# I may be purchasing a new ASV SR-80 Compact Track Loader...



## TL697 (Jan 19, 2008)

I may be purchasing a new ASV SR-80. I will be trading in my CAT 257B... Since moving from sea-level to 9500 feet, I've decided that a little more HP would be nice considering they say you lose 2% HP for every 1000 feet in elevation...My 60 HP 257B has become a 40 HP machine... 

I've demo-ed the unit twice, and today I found that my CAT BH30w backhoe will work with the SR-80 as well. Just have to shorten the mounts... 

The SR-80 is only 6" longer, and 6" wider than my 257B, but has 20 more HP... And, even though it is only 6" wider, the tracks are 20" wide versus 15" on my CAT... The SR-80 also has a 6" higher lift height, and 600lbs more rated capacity (6200lbs tipping load vs. 5000lbs). It only weighs 1000lbs more, but has 1.5psi less ground pressure. It is also a 2-speed w/ enclosed cab and has High Flow hydraulics... 

I haven't worked the whole deal, yet, but its about $15,000 less than a similarly equipped CAT 277...

Any thoughts?


----------



## LawnProLandscapes (Nov 15, 2007)

TL697;524730 said:


> I may be purchasing a new ASV SR-80. I will be trading in my CAT 257B... Since moving from sea-level to 9500 feet, I've decided that a little more HP would be nice considering they say you lose 2% HP for every 1000 feet in elevation...My 60 HP 257B has become a 40 HP machine...
> 
> I've demo-ed the unit twice, and today I found that my CAT BH30w backhoe will work with the SR-80 as well. Just have to shorten the mounts...
> 
> ...


you do know that cat track loaders and asv track loaders are basically the same right? cat buys parts from asv to build there loaders, also asv just got bought out by terex. either way you go (cat or asv) i think youll be satisfied...


----------



## TL697 (Jan 19, 2008)

LawnProLandCare;524791 said:


> you do know that cat track loaders and asv track loaders are basically the same right? cat buys parts from asv to build there loaders, also asv just got bought out by terex. either way you go (cat or asv) i think youll be satisfied...


Yeah, they are the only 2 brands I will even consider when buying a track machine...

I've had 2 CAT machines in the past, one w/ wheels, one w/ tracks. Don't think I could ever go back to wheels...

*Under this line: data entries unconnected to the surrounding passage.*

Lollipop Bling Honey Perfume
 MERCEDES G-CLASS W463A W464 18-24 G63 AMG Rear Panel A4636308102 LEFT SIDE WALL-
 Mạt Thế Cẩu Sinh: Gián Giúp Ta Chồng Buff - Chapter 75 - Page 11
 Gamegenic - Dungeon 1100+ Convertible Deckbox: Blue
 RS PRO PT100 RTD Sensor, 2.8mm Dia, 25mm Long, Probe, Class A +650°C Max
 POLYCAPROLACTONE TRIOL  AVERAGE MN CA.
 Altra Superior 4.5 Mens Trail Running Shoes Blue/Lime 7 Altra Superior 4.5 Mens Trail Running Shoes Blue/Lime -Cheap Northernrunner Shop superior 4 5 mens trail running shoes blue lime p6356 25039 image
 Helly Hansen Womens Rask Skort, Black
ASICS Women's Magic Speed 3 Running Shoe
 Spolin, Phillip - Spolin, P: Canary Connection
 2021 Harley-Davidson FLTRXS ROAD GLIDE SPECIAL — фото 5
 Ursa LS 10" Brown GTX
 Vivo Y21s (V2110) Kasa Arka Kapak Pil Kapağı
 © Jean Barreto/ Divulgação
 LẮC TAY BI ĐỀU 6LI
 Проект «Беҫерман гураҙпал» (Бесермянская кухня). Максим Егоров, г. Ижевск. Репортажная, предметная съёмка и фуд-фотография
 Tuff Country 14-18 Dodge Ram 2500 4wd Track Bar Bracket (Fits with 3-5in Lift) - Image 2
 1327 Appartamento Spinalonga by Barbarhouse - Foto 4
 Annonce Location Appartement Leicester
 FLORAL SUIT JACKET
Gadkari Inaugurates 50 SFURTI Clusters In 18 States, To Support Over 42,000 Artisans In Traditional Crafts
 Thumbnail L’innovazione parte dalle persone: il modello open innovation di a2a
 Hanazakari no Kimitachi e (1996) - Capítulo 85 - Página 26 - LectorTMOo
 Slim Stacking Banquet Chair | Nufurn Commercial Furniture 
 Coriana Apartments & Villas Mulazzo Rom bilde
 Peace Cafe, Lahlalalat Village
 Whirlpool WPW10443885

Hopefully the deal will be right, and I'll have a new machine shortly...


----------



## Peterbilt (Apr 28, 2007)

Let me know how it goes.

I have been thinking of getting a SR80 as well. Trading my RC50 in on it and all.

It would just be nice to have a bit more power. Plus Physically an SR80 isn't that much bigger.

peterbilt


----------



## TL697 (Jan 19, 2008)

Peterbilt;525053 said:


> Let me know how it goes.
> 
> I have been thinking of getting a SR80 as well. Trading my RC50 in on it and all.
> 
> ...


Exactly...

I bought my CAT 257B about 6 months before the SR series came out... I was looking at the RC-60, but it only had a 1900lb capacity... So, I went w/ the 257B, which, with counterweights, has a capacity right at 2500lbs... Even though the SR-80 isn't much bigger, it has a rated capacity of 3100lbs...


----------